-- About this task --
Write out exactly the lines of the entries below from the one holding "Teheran, Iran. November" to the one holding "Catherine Lansfield Forest", inclusive, and leave out all other lines.

--- Listed records Enclosed Below ---

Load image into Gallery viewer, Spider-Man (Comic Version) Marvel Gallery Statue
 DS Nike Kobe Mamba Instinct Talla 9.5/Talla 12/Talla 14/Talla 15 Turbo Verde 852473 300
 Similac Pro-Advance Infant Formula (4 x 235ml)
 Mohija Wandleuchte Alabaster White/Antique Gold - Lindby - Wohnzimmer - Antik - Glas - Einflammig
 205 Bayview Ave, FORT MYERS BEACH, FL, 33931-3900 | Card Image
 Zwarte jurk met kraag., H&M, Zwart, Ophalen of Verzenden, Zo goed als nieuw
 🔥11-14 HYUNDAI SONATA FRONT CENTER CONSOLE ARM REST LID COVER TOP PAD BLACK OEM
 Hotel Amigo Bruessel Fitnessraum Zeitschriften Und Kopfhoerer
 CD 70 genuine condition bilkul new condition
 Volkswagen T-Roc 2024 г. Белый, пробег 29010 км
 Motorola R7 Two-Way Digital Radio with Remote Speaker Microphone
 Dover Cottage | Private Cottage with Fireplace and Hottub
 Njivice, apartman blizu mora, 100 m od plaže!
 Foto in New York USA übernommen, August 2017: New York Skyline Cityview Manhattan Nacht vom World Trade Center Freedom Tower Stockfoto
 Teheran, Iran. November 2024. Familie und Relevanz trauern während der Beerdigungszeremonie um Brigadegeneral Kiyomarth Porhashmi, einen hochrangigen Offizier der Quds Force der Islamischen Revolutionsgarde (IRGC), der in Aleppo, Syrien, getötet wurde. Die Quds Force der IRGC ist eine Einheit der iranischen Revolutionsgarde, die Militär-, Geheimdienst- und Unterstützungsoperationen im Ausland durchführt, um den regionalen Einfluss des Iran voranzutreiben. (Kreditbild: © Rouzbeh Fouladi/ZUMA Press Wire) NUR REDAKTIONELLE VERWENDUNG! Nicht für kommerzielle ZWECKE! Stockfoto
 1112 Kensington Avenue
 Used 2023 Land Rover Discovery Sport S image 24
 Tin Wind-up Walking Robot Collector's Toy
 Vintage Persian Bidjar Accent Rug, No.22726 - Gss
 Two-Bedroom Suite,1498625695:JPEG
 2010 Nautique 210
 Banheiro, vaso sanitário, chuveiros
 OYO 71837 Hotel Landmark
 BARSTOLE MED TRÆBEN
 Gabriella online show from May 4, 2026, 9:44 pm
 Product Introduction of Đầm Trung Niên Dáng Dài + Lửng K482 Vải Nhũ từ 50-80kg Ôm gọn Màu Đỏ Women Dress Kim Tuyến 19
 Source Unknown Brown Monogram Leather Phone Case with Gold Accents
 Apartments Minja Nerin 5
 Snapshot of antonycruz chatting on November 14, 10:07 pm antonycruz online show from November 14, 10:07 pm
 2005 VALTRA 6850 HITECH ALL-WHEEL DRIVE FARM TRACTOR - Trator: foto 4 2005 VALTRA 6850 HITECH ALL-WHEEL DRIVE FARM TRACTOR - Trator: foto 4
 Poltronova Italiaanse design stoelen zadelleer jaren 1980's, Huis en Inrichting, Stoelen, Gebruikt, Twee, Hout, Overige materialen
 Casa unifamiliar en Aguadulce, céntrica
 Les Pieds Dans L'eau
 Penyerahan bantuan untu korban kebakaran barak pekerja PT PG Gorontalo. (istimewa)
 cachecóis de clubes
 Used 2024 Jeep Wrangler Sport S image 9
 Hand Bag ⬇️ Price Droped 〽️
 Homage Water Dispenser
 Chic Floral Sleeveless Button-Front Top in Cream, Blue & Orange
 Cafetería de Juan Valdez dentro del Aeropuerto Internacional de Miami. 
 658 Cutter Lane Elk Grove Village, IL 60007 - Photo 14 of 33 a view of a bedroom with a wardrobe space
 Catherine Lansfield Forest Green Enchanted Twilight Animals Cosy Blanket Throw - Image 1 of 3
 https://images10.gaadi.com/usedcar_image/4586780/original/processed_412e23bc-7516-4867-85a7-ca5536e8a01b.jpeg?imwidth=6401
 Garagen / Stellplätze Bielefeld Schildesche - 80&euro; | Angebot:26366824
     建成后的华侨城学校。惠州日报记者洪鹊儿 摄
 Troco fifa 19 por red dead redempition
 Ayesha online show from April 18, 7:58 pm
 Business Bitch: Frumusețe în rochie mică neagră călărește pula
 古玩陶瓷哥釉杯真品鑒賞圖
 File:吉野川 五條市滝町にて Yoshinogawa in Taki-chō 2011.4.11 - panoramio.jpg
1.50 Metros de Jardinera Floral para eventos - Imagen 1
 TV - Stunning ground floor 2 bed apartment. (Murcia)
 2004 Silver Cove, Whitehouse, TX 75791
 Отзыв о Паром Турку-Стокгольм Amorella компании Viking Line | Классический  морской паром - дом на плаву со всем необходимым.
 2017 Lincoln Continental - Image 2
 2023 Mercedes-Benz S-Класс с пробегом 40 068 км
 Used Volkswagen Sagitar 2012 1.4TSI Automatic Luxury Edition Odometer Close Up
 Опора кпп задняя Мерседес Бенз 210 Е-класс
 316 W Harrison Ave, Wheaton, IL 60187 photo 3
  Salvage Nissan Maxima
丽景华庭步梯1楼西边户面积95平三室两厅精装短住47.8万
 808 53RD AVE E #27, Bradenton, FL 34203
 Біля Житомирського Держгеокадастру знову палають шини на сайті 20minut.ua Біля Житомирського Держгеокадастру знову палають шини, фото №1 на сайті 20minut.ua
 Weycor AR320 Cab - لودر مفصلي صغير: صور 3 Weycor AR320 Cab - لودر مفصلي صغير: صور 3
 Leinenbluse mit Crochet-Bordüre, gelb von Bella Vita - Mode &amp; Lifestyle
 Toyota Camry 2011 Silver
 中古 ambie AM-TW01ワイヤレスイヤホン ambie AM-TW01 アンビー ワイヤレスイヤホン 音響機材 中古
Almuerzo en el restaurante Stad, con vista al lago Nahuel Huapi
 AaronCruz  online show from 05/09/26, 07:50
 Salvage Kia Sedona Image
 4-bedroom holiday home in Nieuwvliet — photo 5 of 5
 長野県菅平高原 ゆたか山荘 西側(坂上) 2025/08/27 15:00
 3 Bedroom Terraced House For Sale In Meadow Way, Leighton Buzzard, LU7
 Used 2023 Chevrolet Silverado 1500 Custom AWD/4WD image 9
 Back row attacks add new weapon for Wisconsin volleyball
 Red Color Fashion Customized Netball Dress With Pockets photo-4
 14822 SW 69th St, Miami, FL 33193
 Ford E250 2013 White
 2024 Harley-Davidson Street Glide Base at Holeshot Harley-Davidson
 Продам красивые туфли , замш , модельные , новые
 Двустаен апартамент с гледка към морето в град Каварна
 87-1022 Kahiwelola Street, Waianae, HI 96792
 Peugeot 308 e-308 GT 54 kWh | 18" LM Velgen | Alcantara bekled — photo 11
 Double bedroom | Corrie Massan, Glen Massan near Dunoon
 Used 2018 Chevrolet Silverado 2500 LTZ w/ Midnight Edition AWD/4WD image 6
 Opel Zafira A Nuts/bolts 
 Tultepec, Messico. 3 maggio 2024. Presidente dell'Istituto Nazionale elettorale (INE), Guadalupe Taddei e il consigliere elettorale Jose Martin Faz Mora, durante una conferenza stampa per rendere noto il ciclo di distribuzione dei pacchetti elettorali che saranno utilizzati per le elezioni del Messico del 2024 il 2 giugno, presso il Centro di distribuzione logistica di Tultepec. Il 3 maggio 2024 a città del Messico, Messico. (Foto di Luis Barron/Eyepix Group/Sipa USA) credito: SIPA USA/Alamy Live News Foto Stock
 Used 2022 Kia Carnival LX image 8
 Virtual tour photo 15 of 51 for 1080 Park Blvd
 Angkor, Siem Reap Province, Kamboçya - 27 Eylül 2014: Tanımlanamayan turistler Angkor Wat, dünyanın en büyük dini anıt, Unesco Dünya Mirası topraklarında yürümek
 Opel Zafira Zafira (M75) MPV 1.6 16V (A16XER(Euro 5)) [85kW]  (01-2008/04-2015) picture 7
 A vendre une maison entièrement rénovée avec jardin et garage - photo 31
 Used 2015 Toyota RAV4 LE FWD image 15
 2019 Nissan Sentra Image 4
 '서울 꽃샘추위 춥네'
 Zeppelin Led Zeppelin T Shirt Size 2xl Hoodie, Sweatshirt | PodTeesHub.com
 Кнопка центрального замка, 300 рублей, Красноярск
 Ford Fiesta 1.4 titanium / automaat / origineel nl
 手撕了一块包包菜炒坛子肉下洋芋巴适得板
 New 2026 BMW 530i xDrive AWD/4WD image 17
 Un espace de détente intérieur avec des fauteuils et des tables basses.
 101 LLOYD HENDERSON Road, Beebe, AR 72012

--- End of Enclosed Listed records ---

-- Answer for the task --
 Teheran, Iran. November 2024. Familie und Relevanz trauern während der Beerdigungszeremonie um Brigadegeneral Kiyomarth Porhashmi, einen hochrangigen Offizier der Quds Force der Islamischen Revolutionsgarde (IRGC), der in Aleppo, Syrien, getötet wurde. Die Quds Force der IRGC ist eine Einheit der iranischen Revolutionsgarde, die Militär-, Geheimdienst- und Unterstützungsoperationen im Ausland durchführt, um den regionalen Einfluss des Iran voranzutreiben. (Kreditbild: © Rouzbeh Fouladi/ZUMA Press Wire) NUR REDAKTIONELLE VERWENDUNG! Nicht für kommerzielle ZWECKE! Stockfoto
 1112 Kensington Avenue
 Used 2023 Land Rover Discovery Sport S image 24
 Tin Wind-up Walking Robot Collector's Toy
 Vintage Persian Bidjar Accent Rug, No.22726 - Gss
 Two-Bedroom Suite,1498625695:JPEG
 2010 Nautique 210
 Banheiro, vaso sanitário, chuveiros
 OYO 71837 Hotel Landmark
 BARSTOLE MED TRÆBEN
 Gabriella online show from May 4, 2026, 9:44 pm
 Product Introduction of Đầm Trung Niên Dáng Dài + Lửng K482 Vải Nhũ từ 50-80kg Ôm gọn Màu Đỏ Women Dress Kim Tuyến 19
 Source Unknown Brown Monogram Leather Phone Case with Gold Accents
 Apartments Minja Nerin 5
 Snapshot of antonycruz chatting on November 14, 10:07 pm antonycruz online show from November 14, 10:07 pm
 2005 VALTRA 6850 HITECH ALL-WHEEL DRIVE FARM TRACTOR - Trator: foto 4 2005 VALTRA 6850 HITECH ALL-WHEEL DRIVE FARM TRACTOR - Trator: foto 4
 Poltronova Italiaanse design stoelen zadelleer jaren 1980's, Huis en Inrichting, Stoelen, Gebruikt, Twee, Hout, Overige materialen
 Casa unifamiliar en Aguadulce, céntrica
 Les Pieds Dans L'eau
 Penyerahan bantuan untu korban kebakaran barak pekerja PT PG Gorontalo. (istimewa)
 cachecóis de clubes
 Used 2024 Jeep Wrangler Sport S image 9
 Hand Bag ⬇️ Price Droped 〽️
 Homage Water Dispenser
 Chic Floral Sleeveless Button-Front Top in Cream, Blue & Orange
 Cafetería de Juan Valdez dentro del Aeropuerto Internacional de Miami. 
 658 Cutter Lane Elk Grove Village, IL 60007 - Photo 14 of 33 a view of a bedroom with a wardrobe space
 Catherine Lansfield Forest Green Enchanted Twilight Animals Cosy Blanket Throw - Image 1 of 3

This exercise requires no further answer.